Well, good for England. They beat Ukraine and won the Group!
It wasn't entirely convincing, but not many teams are convincing all the way through a tournament. Quarter-final opponents Italy, for example, have been particularly adept over the years at sneaking through the group phase without, in some cases, even winning a game!
But England will have to get better to stand a chance of progressing in this tournament.
England have played Italy only twice before in tournament matches and, strangely enough, they have both been IN Italy. The first was in 1980 in the European Championship when they lost 1-0 in Turin. The second time was in the third and fourth place play-off match of Italia '90 when Italy won 2-1 in Bari.
Going back to the Ukraine v England match and it is astonishing that we still have to suffer from goals not being given when the ball is over the line. This time luck favoured England as John Terry's clearance was of a ball that had crossed the line. The fourth (fifth or sixth or seventh?) official was standing less than ten yards away, but failed to see the ball had crossed the line (or, at least, failed to signal it).

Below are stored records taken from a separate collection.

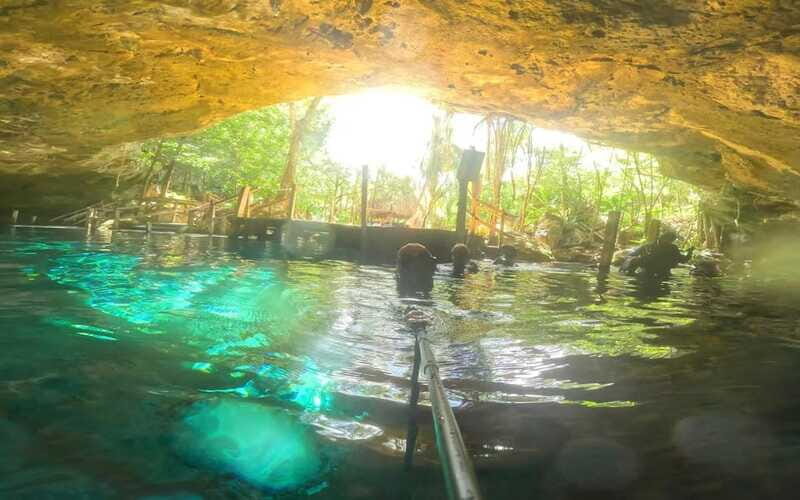 Tulum: Dos Ojos Cenote 2 Scuba Dives with Transfer Option - Who Should Consider This Tour?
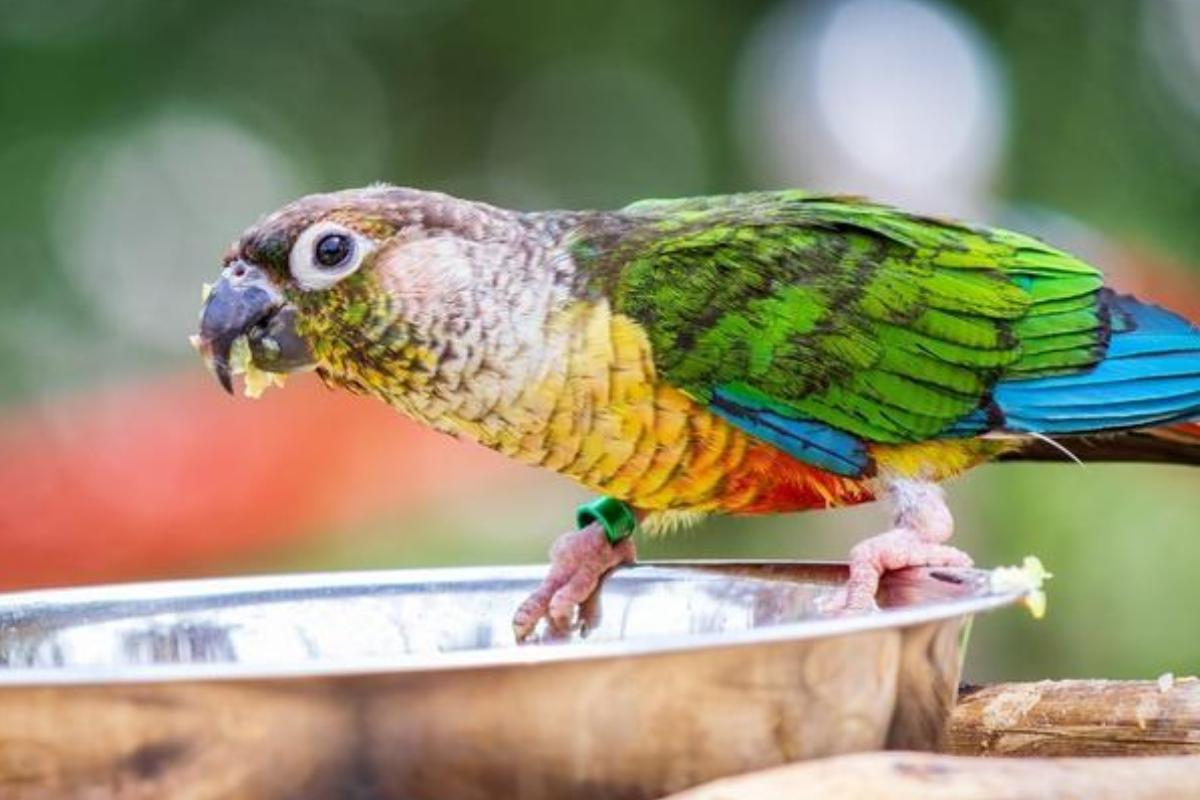 鸟缺钙瘫痪了怎么办,鸟缺钙了该怎么补钙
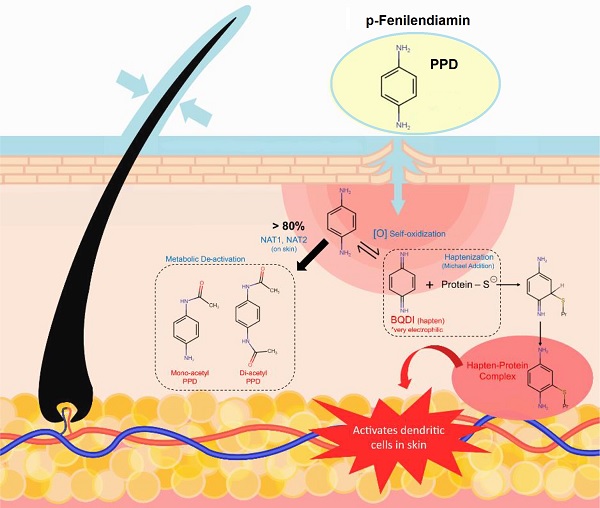 Saç Boyama Sağlık Riskleri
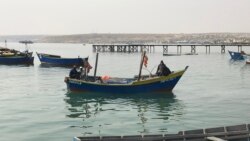 Emissão Vespertina 30 Agosto 2023: Governo angolano tem que fazer mais para combater "tubarões" da pesca 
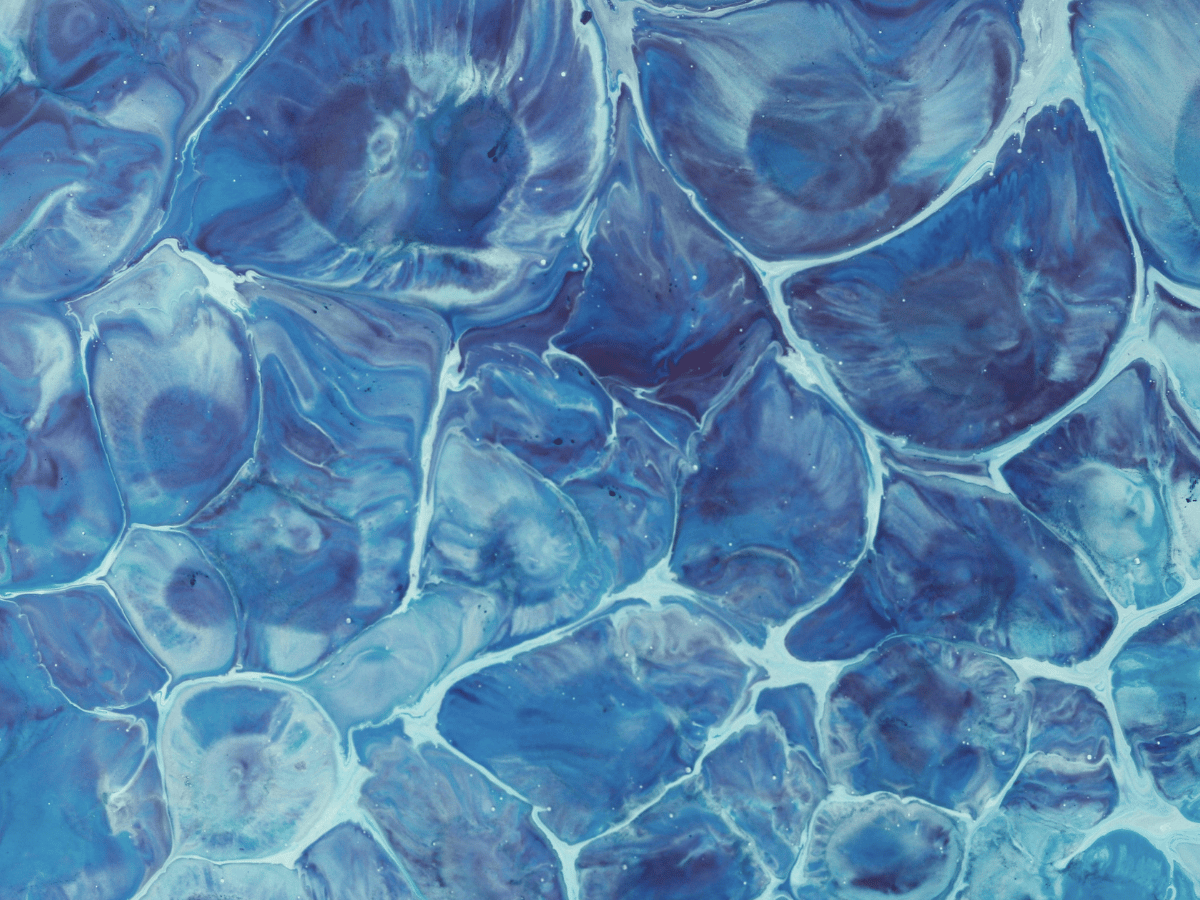 Blue – A Conversation on Collective Osmosis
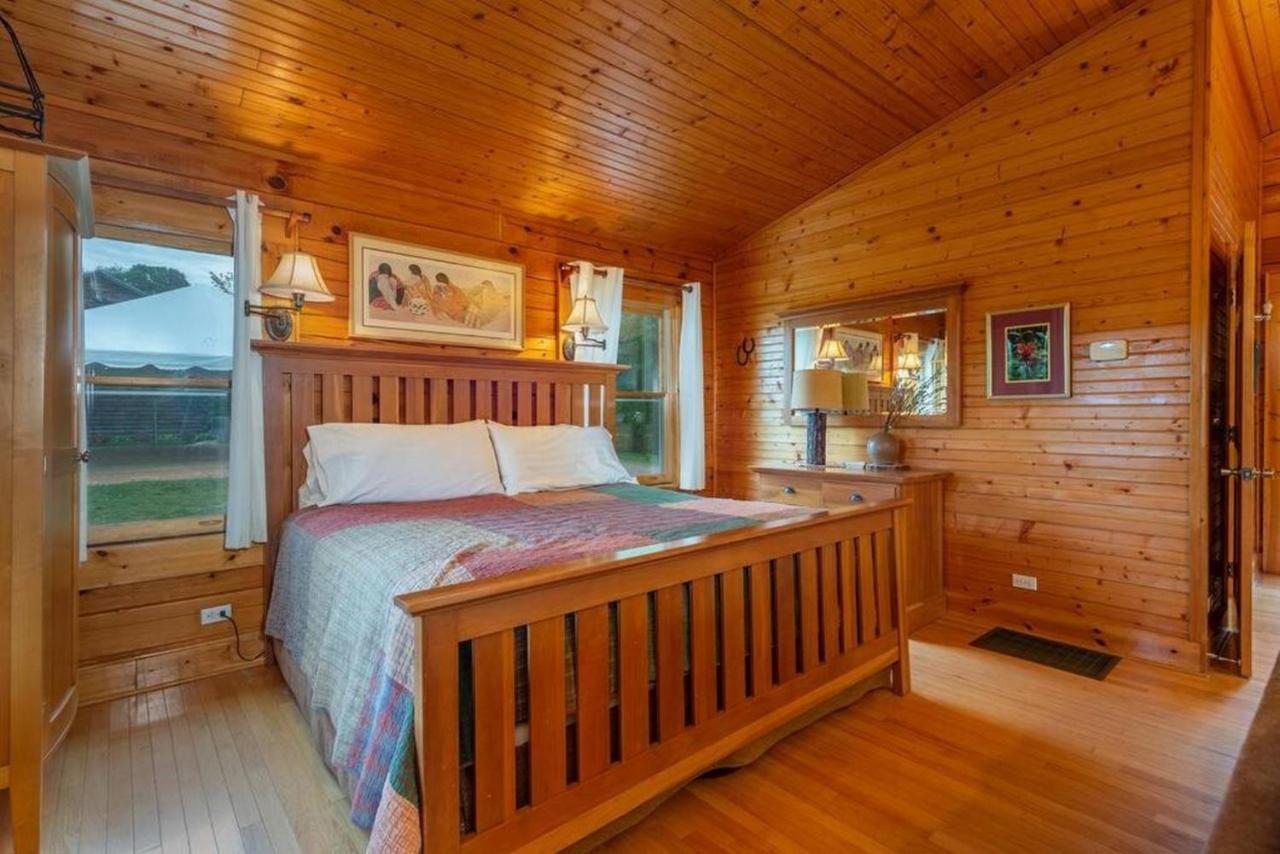 Log Cabin Stunning Mountain Views On 12 Acres Candler 外观 照片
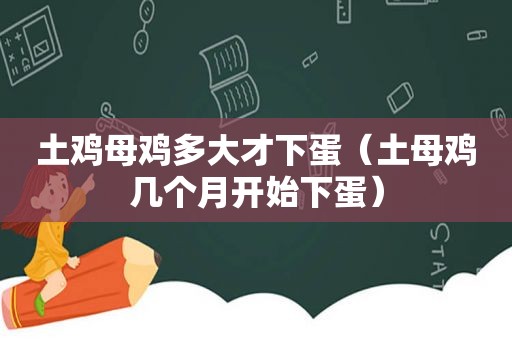 土鸡母鸡多大才下蛋（土母鸡几个月开始下蛋）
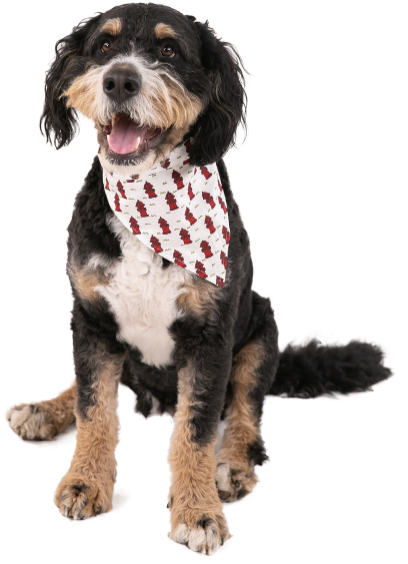 Small Nature Calls Dog Bandana
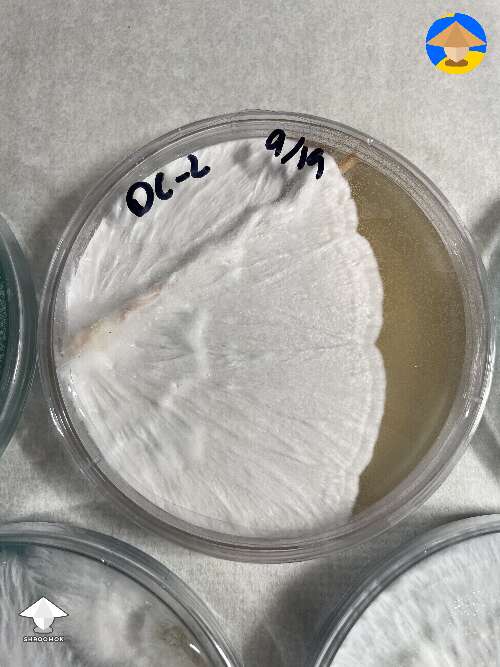 Mycelium agar work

WHAT DO THESE OFFICIALS DO? No one at the BBC or ITV seem to know and surely they would have found out by now. And why do they patrol the goal line on the same side of the pitch as the assistant referee (linesman in old money)? Maybe the goal line official was told NOT to signal for goal line decisions (which would be madness), as that is the assistant referee's decision, but the latter's view would be obscured by the former! (At least it would have been if the assistant referee had been able to keep up with play - he was five yards short!)
In addition, this same assistant referee missed a blatant offisde in the build-up to the phantom "goal", which would have avoided all this goal line fiasco. (I note that a furious Oleg Blokhin didn't complain about that decision not being given.)
Come on, even without goal-line technology, surely the now huge number of officials can get key decisions right.